WORK REQUEST: Each entry that follows is to be copied exactly, minus any pictures.

━━━ DATA FOR REVIEW

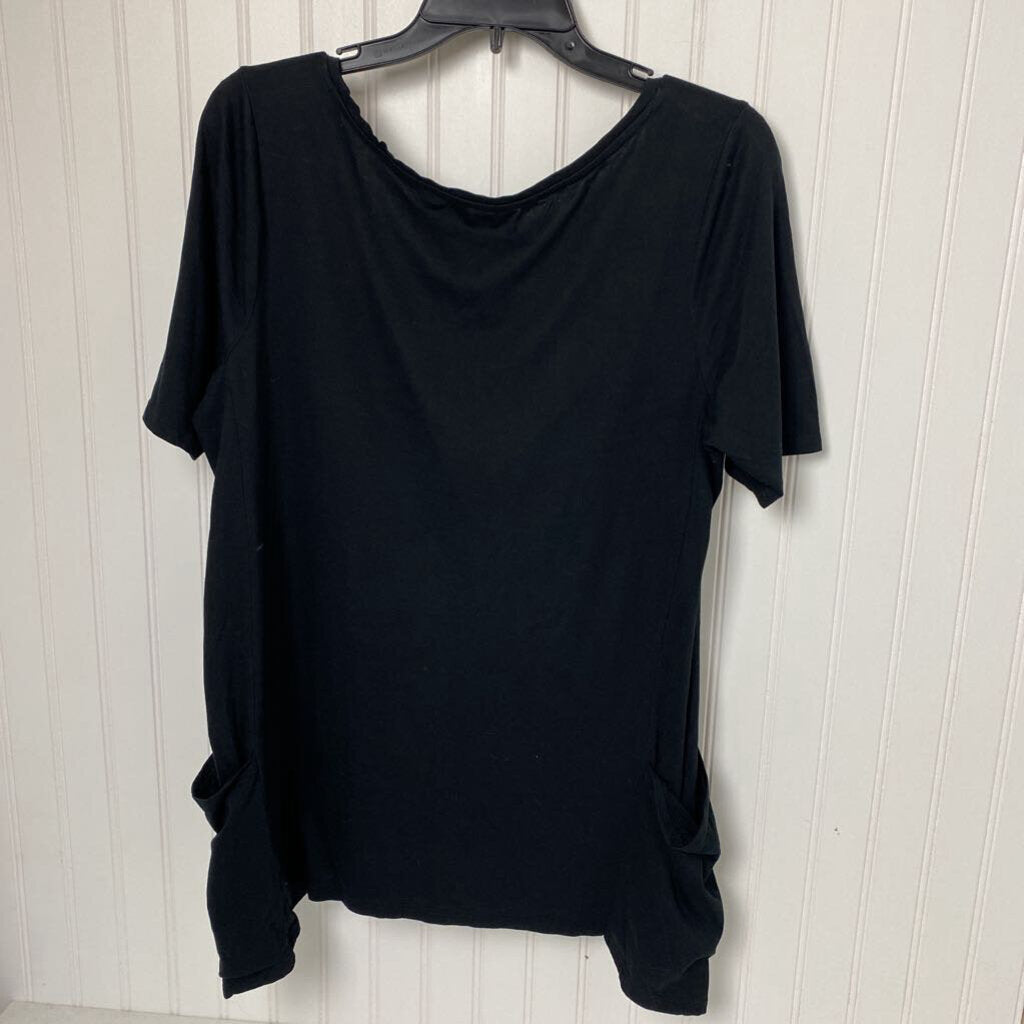 SHORT SLEEVE TUNIC WITH SIDE POCKETS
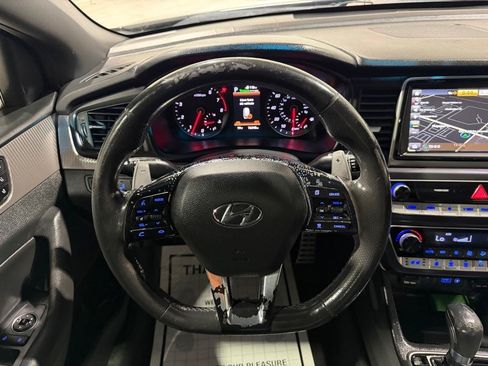 Used 2018 Hyundai Sonata Limited FWD image 21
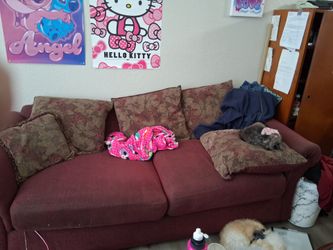 Burgundy couch for sa l e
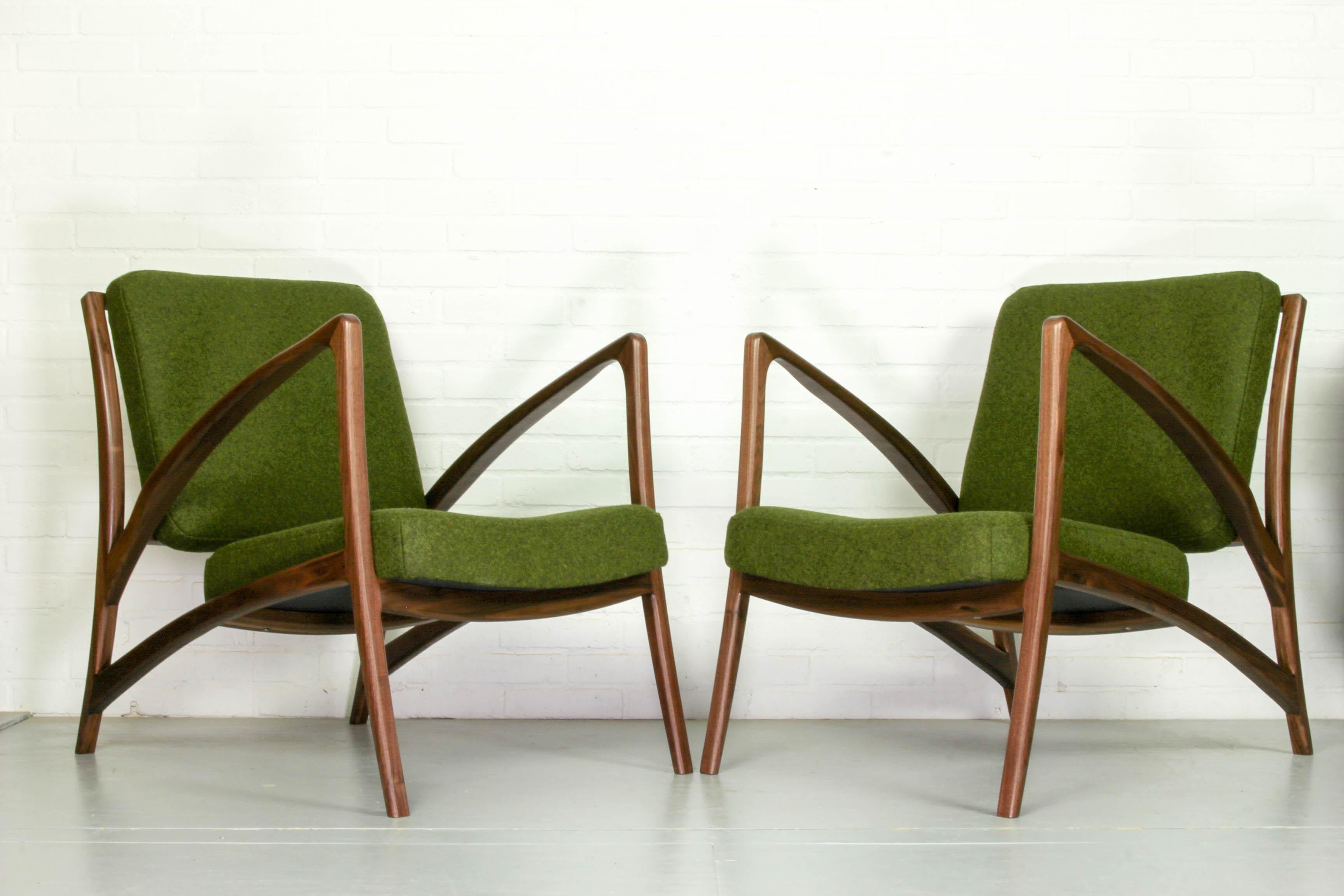Un set scultoreo di sedie da salotto realizzate a mano con materiali di altissima qualità, come il legno massiccio di noce americano e l'imbottitura Kvadrat. Con le sue forme organiche e il suo design curvo e fluttuante, la seduta è inclinata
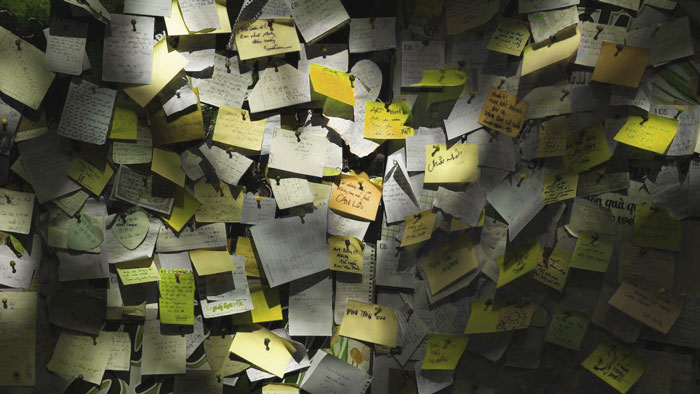 35 Times People Entered Someone Else’s Home And Just Had To Describe The Weirdness That They Saw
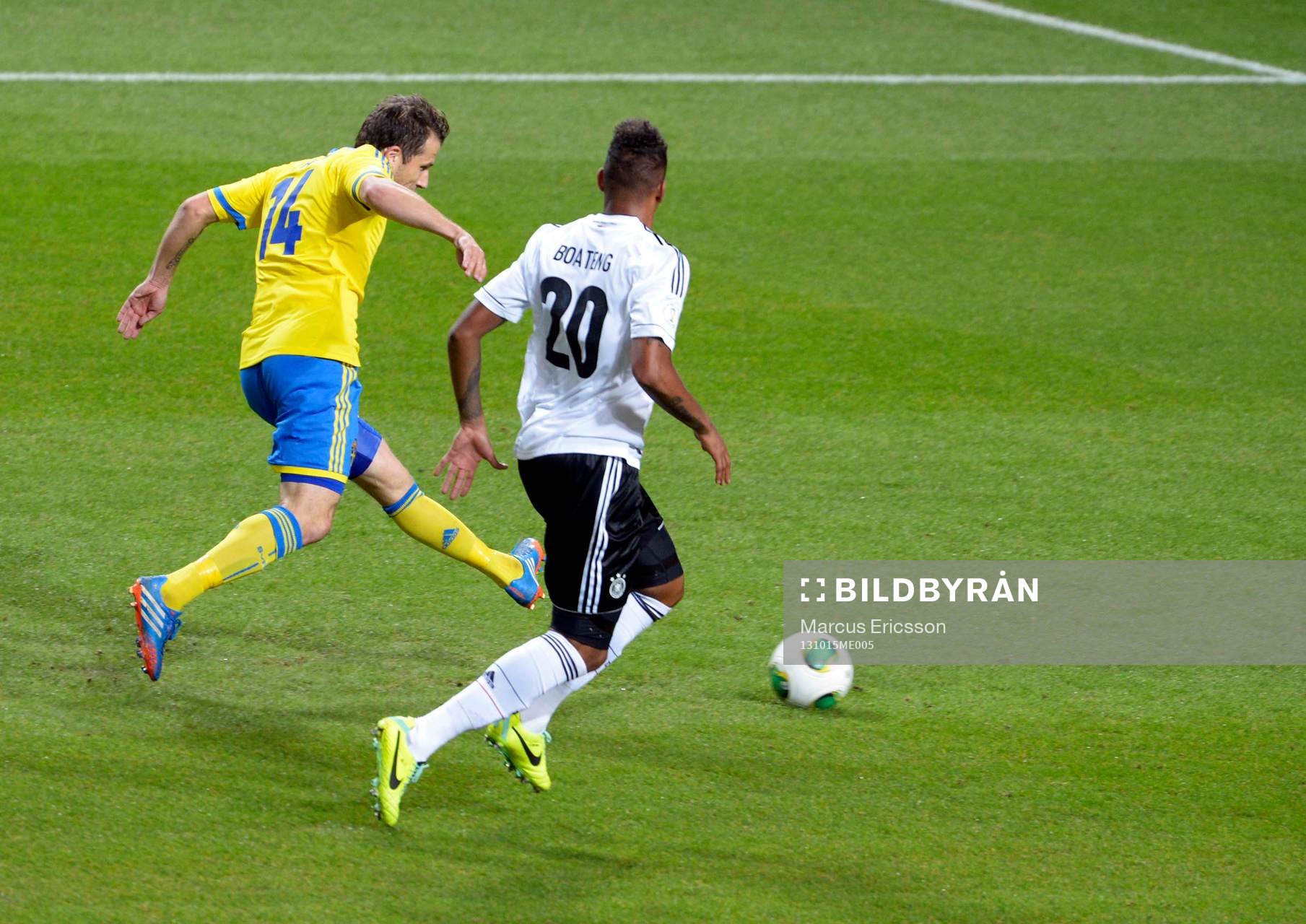 Sveriges Tobias Hysén gör 1-0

━━━━━━

WRITTEN RESPONSE:
 SHORT SLEEVE TUNIC WITH SIDE POCKETS
 Used 2018 Hyundai Sonata Limited FWD image 21
 Burgundy couch for sa l e
Un set scultoreo di sedie da salotto realizzate a mano con materiali di altissima qualità, come il legno massiccio di noce americano e l'imbottitura Kvadrat. Con le sue forme organiche e il suo design curvo e fluttuante, la seduta è inclinata
 35 Times People Entered Someone Else’s Home And Just Had To Describe The Weirdness That They Saw
 Sveriges Tobias Hysén gör 1-0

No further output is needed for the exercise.